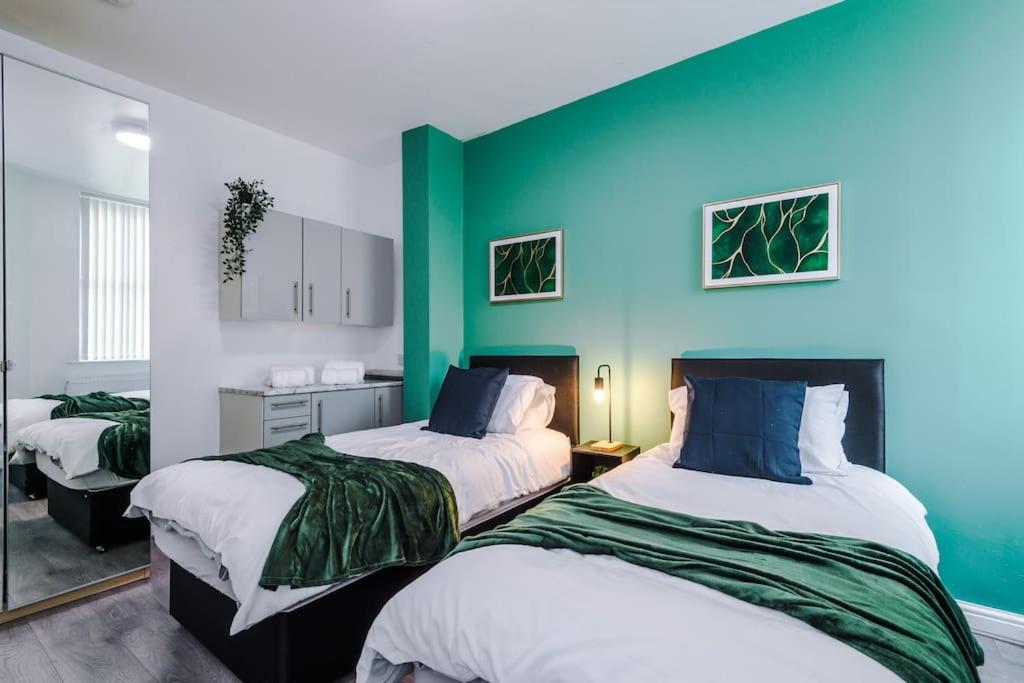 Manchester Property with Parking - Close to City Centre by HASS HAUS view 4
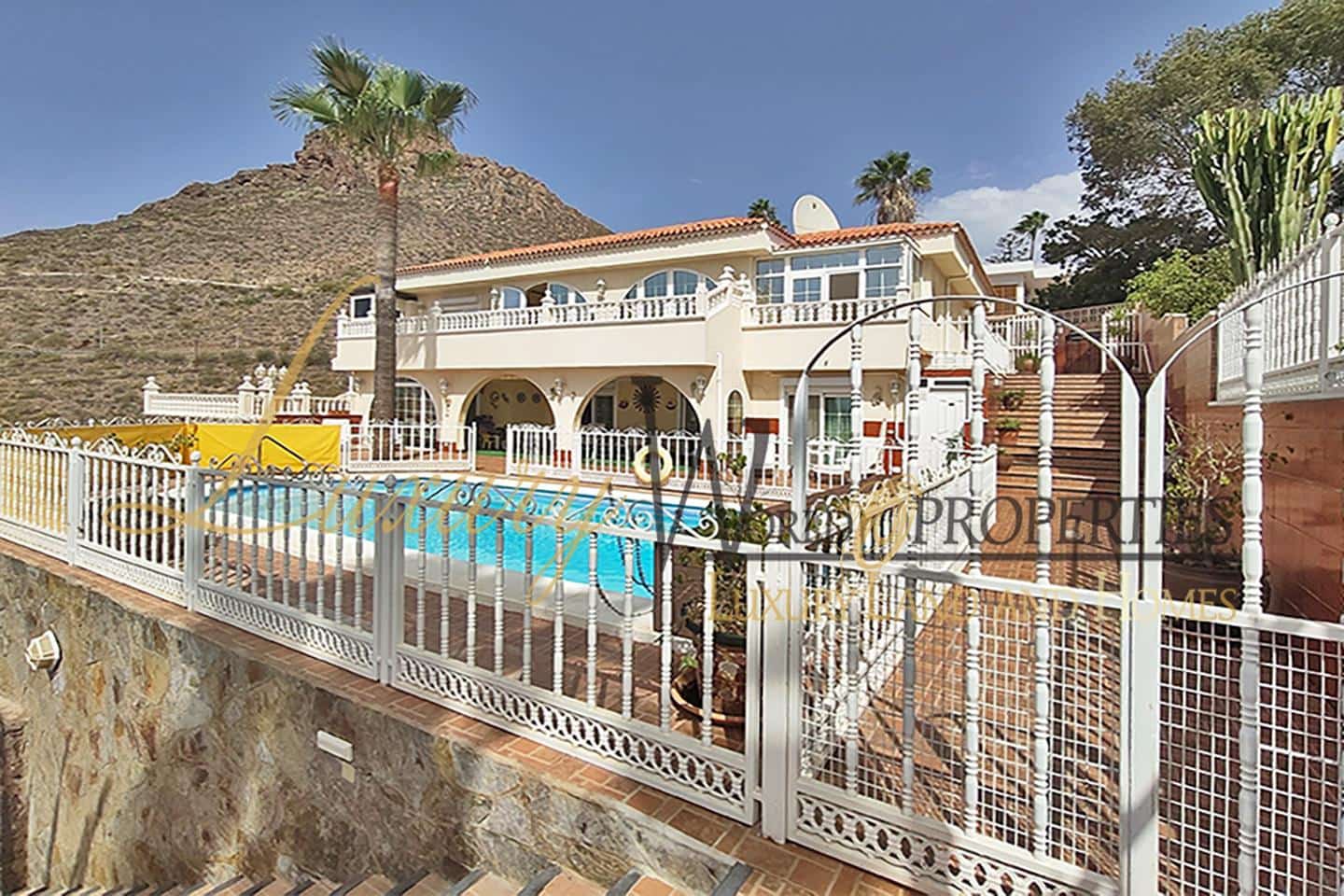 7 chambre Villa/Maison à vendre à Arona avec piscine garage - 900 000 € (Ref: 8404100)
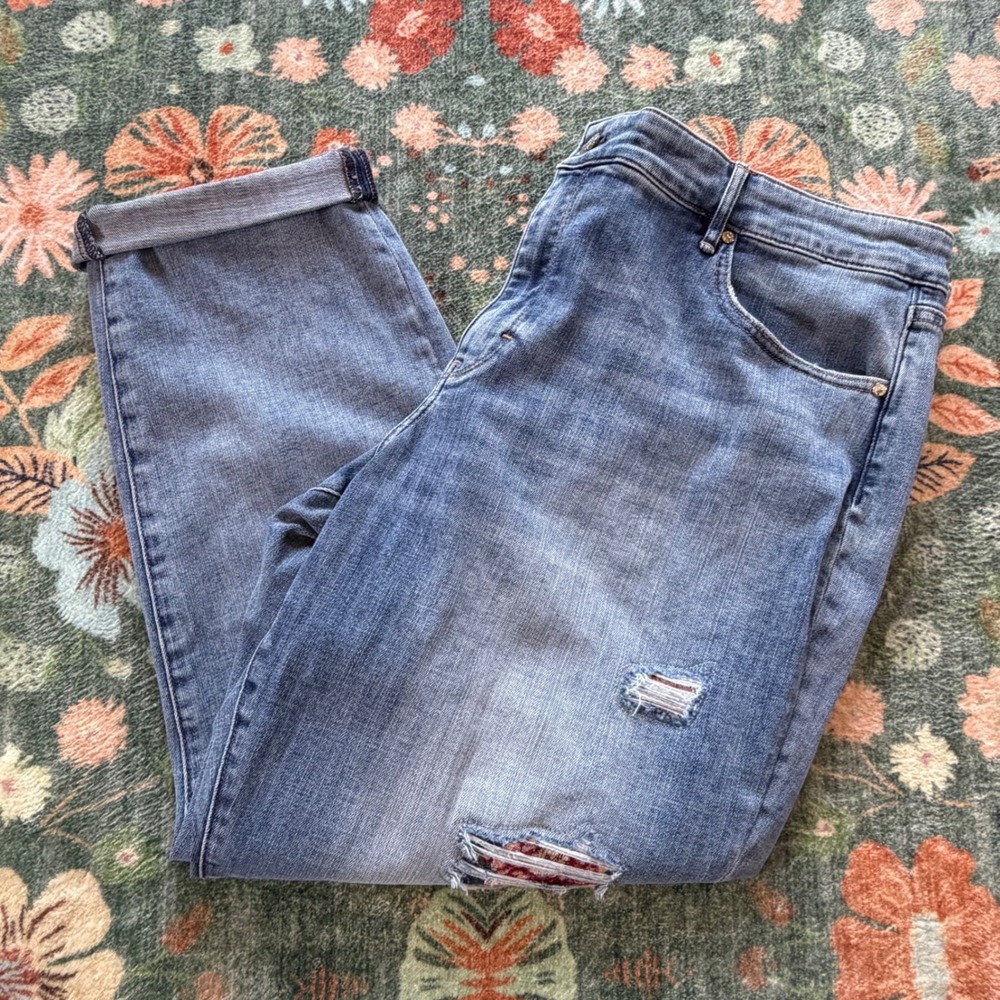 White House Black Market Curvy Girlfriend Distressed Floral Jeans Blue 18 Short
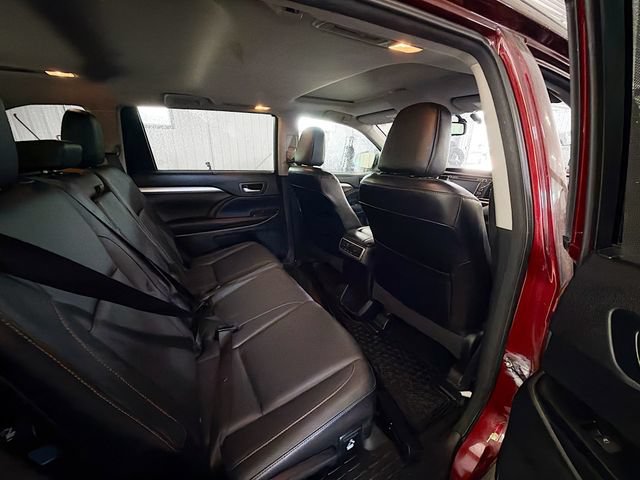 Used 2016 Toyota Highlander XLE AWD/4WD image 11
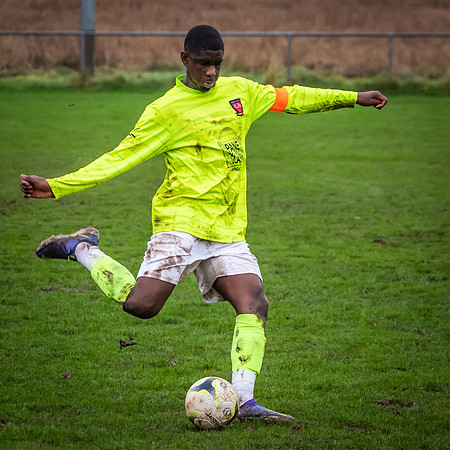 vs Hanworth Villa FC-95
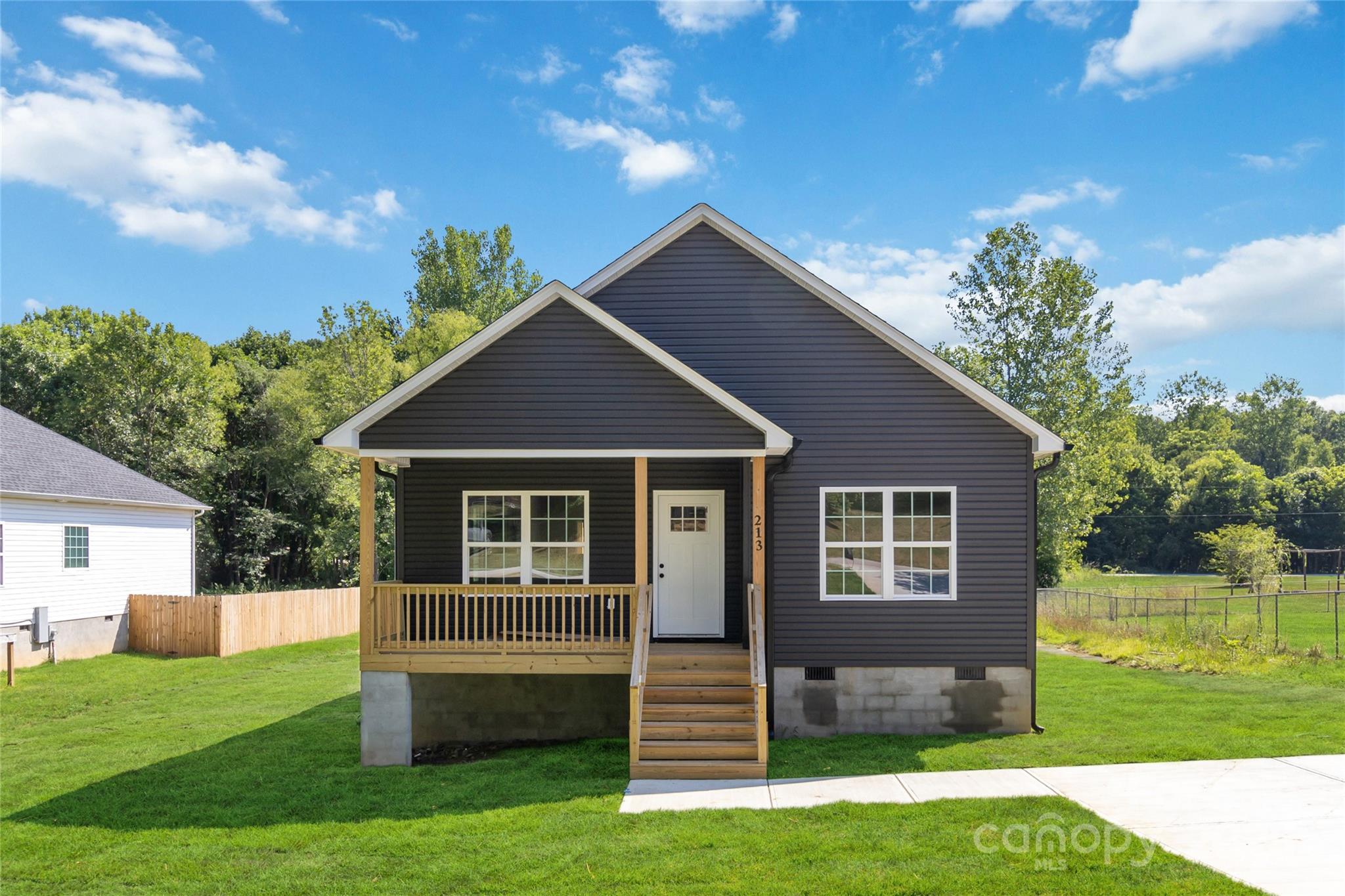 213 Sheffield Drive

------------------------------

__INSTRUCTIONS FOR THE TASK__
Each line from the one holding "Used 2016 Toyota" down to the end of the records is to be reproduced unaltered, and the pictures are to be omitted.

__SOLVED EXERCISE__
 Used 2016 Toyota Highlander XLE AWD/4WD image 11
 vs Hanworth Villa FC-95
 213 Sheffield Drive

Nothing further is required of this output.